Organised by the Comité Interprofessionnel des Vins de Bordeaux (CIVB), the event had been designed as an opportunity for growers and wine industry stakeholders to familiarise with the effects of the changing climate on Bordeaux’s vineyards and wines, and to promote common practices aimed at tackling related challenges. 

The forum, now in its 13th iteration, welcomed a crowd of about 400 people consisting of winegrowers, merchants, scientists, as well as a number of local and neighbouring promotional bodies. Speakers ranged from CIVB’s president Allan Sichel to renowned professor Marc-André Sélosse of Paris’ Natural History Museum, and from producers to Bordeaux wine industry stakeholders. 

The event presented an overview of climate-related challenges currently faced by the region’s winegrowing industry.

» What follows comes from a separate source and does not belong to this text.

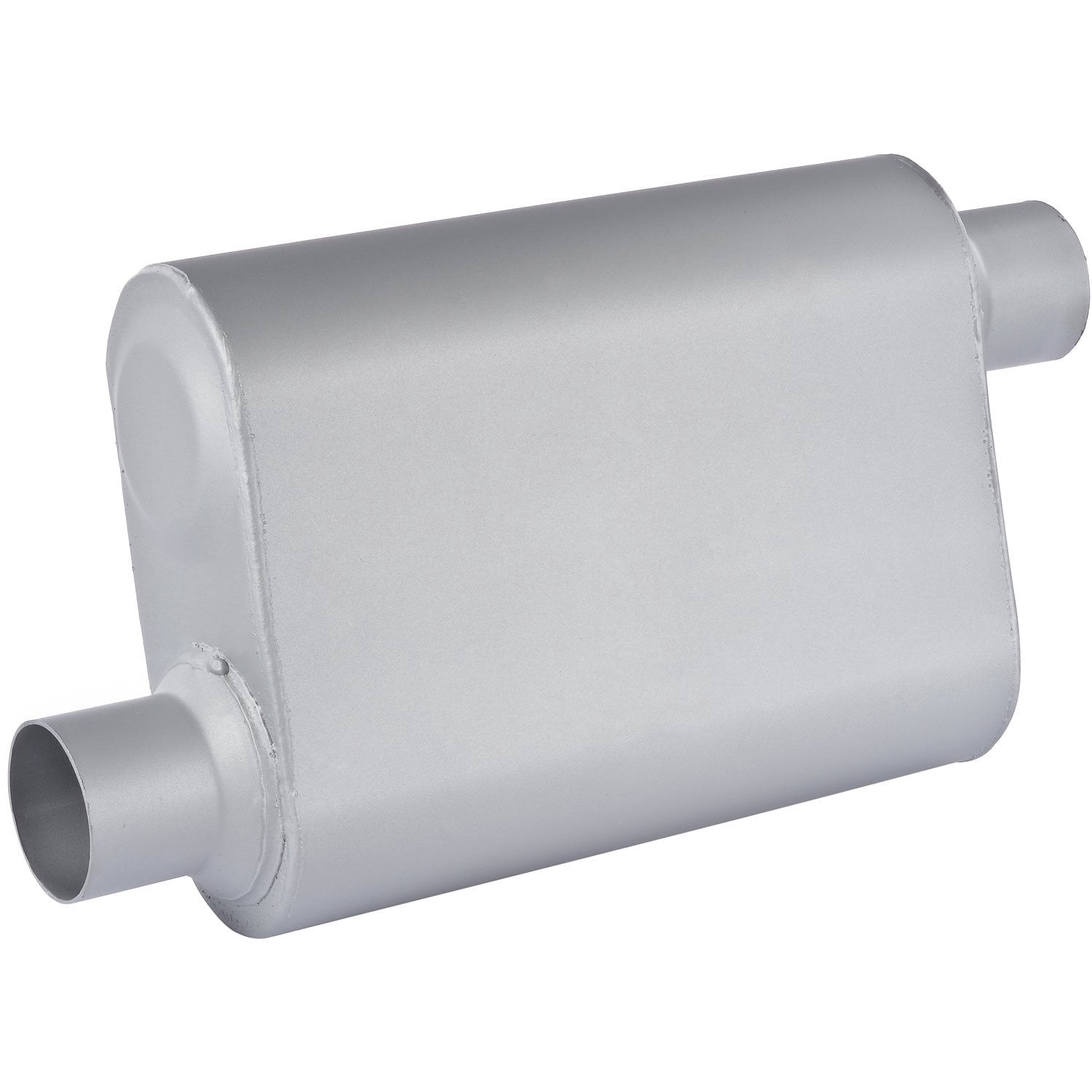 JEGS 30222 - Chambered Deep-Tone Muffler 2.500 in. Offset Inlet ...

The CIVB pointed out that average temperatures increased by 1.5°C since 1985, causing Bordeaux’s climate to shift from “temperate” to “warm temperate” – as defined by the Huglin classification. Veraison now takes place on average three days earlier than in 1989, a figure that is projected to rise to five, or even seven days within the next decade. Furthermore, the average number of very hot days during the year – with temperatures exceeding 35°C – has increased to 3.5 days, set against 0.8 such days in the decades during 1987-2017; vineyards experience increased water stress, incidence of hail showers, earlier budding, and late spring frosts. 

“There are no more climate-sceptics in Bordeaux,” said Sichel. “We might feel powerless, but we are also experiencing an awakening of consciences, which allows us to hope for a lenient future for our generations to come.” 

Speaking at the forum, France's National Institute of Agricultural Research (INRAE) research director Sylvain Pellerin explained that the wider agricultural sector is largely to blame for today’s rapidly changing climate. He argued that, with its large production of carbon dioxide (CO2), methane (CH4), and nitrous oxide (N2O), the industry is responsible for about 15% of all greenhouse gas emissions and revealed worrying predictions for the vine growing industry. “If we continue with business as usual,” he said, the region could face a dramatic temperature rise of up to 4.5°C by the end of the century. 

However, he also highlighted that “the leeway to stay within the Paris agreement [limit the global temperature increase in this century to 2°C] is narrow but not out of reach yet,” and suggested to winegrowers a number of mitigation strategies such as mastering the nitrogen cycle to limit the production of N2O; and increasing carbon storage through grasslands, hedgerow plantations, and agroforestry. 

“We know what to do and have all the tools,” commented Sichel. “We will get there on condition that we all commit to it… The reduction of greenhouse gases and the sequestration of carbon are two major commitments of our [CIVB] sustainability policy”. 

During the event, the CIVB offered the audience an update on its recently launched corporate and social responsibility programme (CSR), developed in a bid to help the region undertake a more efficient, holistic collective approach to tackle the changing climate and other sustainability issues. The programme sets out guidelines for economic, environmental and social sustainability, based on ISO 26000 international standards. 

CIVB’s CSR programme kicked off in 2019 with a pilot group of 28 Bordeaux merchants, wine growers, and cooperative cellars across 10 AOCs. It then launched officially in 2021 by awarding compliant companies with the Bordeaux Cultivons Demain label.  

Today 56 companies benefit from the label and the CIVB aims to have 30% of volumes sold as Bordeaux Cultivons Demain certified wine by the end of this decade. 

“Pressure [on developing a more sustainable industry] is increasing from all sides, but we are facing it with confidence, convinced of our will and of the tools we have put in place to find and apply appropriate solutions,” commented Sichel. “Of course, nothing is won and there is still a lot to do to reach the objectives we have set ourselves. For this, each company, whatever its size, must act. The CIVB will accompany companies in this direction by providing information, proposing collective tools, partnerships or by being your spokesperson with key suppliers. We will organise focus groups because collective intelligence always brings more than individualism.”